First client library 210(1) is a collection of code specific to one programming language that makes it easier to use an API, and specifically in this case, an API used to look up and query a global rate limiter 202 or a local rate limiter 212(1) for one or more tags associated with a request. First client library 210(1) is a client library deployed specifically for use by first instance 208(1) of first microservice 144(1). In particular, a client library 210 may be deployed per microservice instance 208. Each client library 210, deployed per microservice instance 208, only interacts with a set of rate limiters (e.g., local rate limiters 212) that correspond to the microservice 144 and the tags of requests received by the microservice 144. Example client libraries 210 include Google Guava libraries (e.g., a set of core Java libraries) made available by Google of Mountain View, CA.

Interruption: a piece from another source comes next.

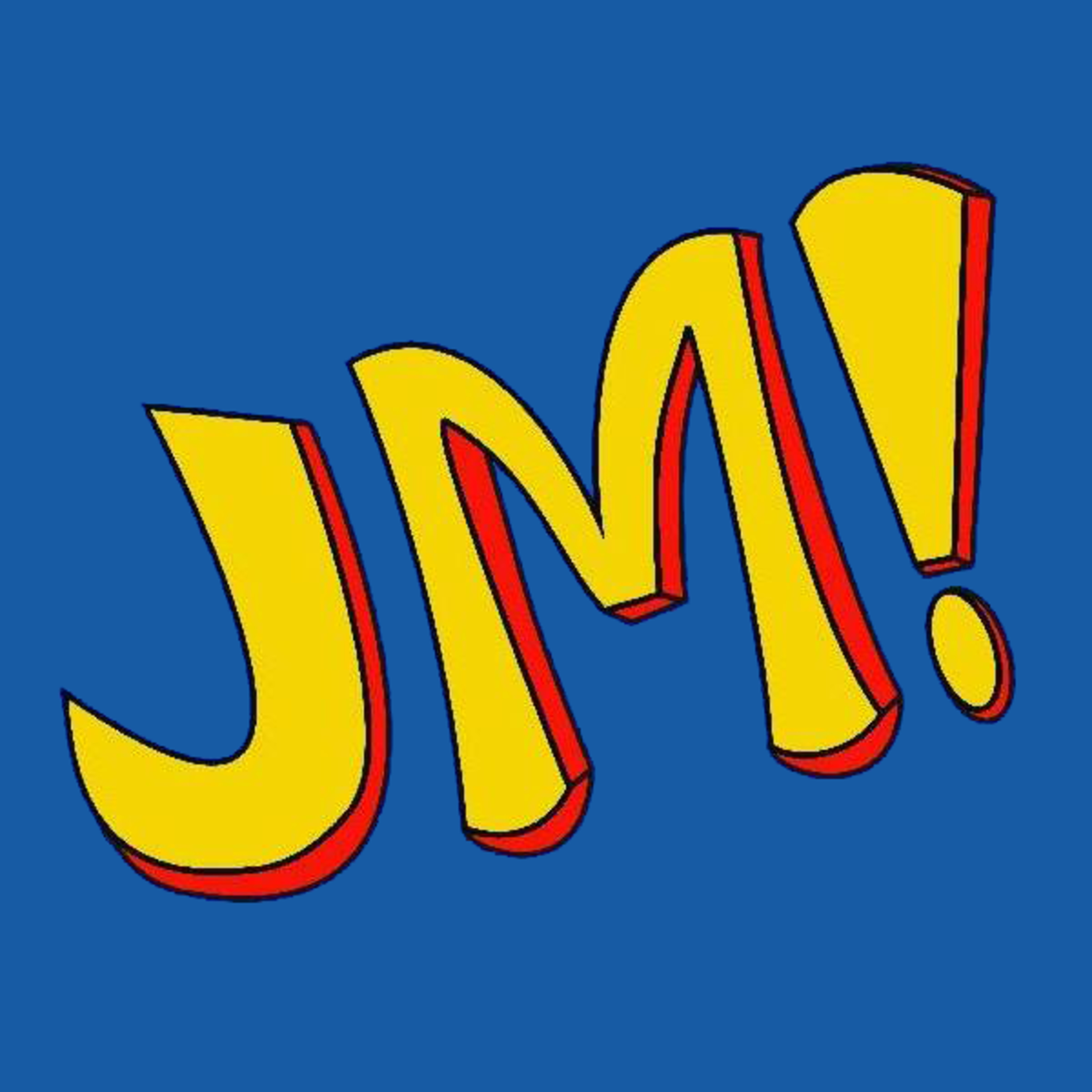 Meet the Member: Joshua Monson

Using client libraries 210 allows microservice 144 developers to build client libraries 210 in any programming language, while still enabling interaction with global rate limiter 202 and/or local rate limiters 212 in a distributes system. As such, the rate limiting techniques described herein for distributed systems may be a re-used/deployed for any client-server architecture.

At operation 510, first client library 210(1) receives rate limiting information for tag “org: Customer-1” from global rate limiter 202 (e.g., in response to the query). The rate limiting information may include (1) a number of permits allocated for tag “org: Customer-1” (at first instance 208(1) of first microservice 244(1)) and (2) an indication of an expiry time for the permits.

At operation 512, first client library 210(1) instantiates a local rate limiter 212(1)₁ associated with tag “org: Customer-1” based on the rate limiting information received from global rate limiter 202. In other words, local rate limiter 212(1)₁ is deployed to limit requests for tag “org: Customer-1,” received at first instance 208(1), to the number of permits allocated to local rate limiter 212(1)₁. For example, in a case where local rate limiter 212(1)₁ is allocated 20 permits from global rate limiter 202 (e.g., set to expire in 10 seconds), then when a 21^st request having the tag “org: Customer-1” is received by first instance 208(1) (e.g., within the 10 seconds, and before more permits are allocated), local rate limiter 212(1)₁ may determine that this reject is to be rejected. Enforcing permits, by local rate limiters 212, for rate limiting are described in more detail with respect to FIG. 6.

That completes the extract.